◆ Short web captions ◆
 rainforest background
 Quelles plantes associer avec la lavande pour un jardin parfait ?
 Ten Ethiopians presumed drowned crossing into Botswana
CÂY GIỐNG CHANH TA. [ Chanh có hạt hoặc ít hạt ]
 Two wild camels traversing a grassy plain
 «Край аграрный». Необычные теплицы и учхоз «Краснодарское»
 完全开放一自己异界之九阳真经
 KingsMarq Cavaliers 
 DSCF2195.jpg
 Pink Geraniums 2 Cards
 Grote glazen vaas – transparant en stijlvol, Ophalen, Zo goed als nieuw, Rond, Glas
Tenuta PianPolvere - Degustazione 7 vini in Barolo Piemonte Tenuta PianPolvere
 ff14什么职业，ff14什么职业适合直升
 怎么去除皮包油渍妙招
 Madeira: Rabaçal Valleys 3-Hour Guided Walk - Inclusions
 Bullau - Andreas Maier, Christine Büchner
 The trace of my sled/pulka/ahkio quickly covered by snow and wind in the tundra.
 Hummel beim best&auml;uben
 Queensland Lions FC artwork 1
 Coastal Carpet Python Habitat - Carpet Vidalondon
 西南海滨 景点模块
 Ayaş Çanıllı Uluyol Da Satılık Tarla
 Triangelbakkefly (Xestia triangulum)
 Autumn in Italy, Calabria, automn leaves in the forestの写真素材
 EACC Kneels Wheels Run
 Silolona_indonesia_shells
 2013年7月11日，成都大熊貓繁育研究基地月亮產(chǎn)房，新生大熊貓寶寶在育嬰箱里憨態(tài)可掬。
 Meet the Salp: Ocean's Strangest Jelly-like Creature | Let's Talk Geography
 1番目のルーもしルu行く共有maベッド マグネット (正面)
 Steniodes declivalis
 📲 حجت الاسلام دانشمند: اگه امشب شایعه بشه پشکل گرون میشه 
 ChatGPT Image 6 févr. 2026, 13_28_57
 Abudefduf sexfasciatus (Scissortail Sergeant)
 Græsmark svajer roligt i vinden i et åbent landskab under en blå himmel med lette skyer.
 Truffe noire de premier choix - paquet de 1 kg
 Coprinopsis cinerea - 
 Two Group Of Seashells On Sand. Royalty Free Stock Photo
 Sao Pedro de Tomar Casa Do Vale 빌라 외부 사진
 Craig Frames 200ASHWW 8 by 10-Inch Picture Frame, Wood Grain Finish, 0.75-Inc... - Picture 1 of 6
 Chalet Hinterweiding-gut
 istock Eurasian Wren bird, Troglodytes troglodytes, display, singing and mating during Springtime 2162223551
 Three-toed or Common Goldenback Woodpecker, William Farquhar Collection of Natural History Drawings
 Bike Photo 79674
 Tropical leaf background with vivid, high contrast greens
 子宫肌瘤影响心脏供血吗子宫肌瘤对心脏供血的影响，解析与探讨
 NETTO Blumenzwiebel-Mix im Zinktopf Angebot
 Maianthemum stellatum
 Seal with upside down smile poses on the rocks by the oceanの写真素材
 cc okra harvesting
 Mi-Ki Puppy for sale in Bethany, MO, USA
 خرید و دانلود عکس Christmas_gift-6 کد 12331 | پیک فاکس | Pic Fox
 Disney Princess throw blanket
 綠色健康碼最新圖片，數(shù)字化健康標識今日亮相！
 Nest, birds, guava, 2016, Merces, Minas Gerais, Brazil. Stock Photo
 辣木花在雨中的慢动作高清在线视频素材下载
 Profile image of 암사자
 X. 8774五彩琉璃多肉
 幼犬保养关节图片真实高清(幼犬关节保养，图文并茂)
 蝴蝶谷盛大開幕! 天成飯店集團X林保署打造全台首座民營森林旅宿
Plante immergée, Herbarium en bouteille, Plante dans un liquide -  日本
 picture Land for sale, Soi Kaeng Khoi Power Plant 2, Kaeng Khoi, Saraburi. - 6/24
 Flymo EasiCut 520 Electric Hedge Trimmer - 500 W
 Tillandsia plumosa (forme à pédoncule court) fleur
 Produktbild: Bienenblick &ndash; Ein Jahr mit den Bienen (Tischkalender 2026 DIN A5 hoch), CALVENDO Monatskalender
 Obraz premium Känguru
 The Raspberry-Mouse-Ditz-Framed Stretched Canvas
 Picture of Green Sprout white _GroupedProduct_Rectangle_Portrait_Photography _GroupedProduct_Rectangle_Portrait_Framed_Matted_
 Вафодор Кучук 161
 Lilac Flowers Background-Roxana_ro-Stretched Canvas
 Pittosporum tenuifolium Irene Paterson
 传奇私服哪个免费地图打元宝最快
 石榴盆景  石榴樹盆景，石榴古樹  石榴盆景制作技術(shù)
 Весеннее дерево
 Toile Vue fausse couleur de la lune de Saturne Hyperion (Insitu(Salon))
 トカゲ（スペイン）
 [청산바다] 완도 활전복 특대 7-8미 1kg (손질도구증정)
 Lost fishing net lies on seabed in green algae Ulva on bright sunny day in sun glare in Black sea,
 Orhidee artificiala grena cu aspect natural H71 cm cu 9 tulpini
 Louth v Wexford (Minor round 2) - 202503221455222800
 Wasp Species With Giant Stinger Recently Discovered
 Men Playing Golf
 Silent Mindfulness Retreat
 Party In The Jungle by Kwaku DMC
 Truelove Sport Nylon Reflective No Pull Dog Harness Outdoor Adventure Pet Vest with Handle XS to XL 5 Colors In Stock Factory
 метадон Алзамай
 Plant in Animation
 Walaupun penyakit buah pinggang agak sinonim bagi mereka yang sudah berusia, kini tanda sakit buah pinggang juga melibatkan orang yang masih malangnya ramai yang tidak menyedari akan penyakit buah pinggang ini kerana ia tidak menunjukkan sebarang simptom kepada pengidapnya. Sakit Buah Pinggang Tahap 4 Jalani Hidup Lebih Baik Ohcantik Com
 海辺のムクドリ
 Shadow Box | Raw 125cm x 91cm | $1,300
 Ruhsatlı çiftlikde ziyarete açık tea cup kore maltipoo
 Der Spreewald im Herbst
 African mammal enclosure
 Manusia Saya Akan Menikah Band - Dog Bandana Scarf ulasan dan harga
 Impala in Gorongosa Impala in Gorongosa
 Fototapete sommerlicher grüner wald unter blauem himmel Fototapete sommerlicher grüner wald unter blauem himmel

◆ ASSIGNMENT ◆
How many lines of the data include the word "sale"? Reply with the number and nothing else.

◆ RESPONSE ◆
2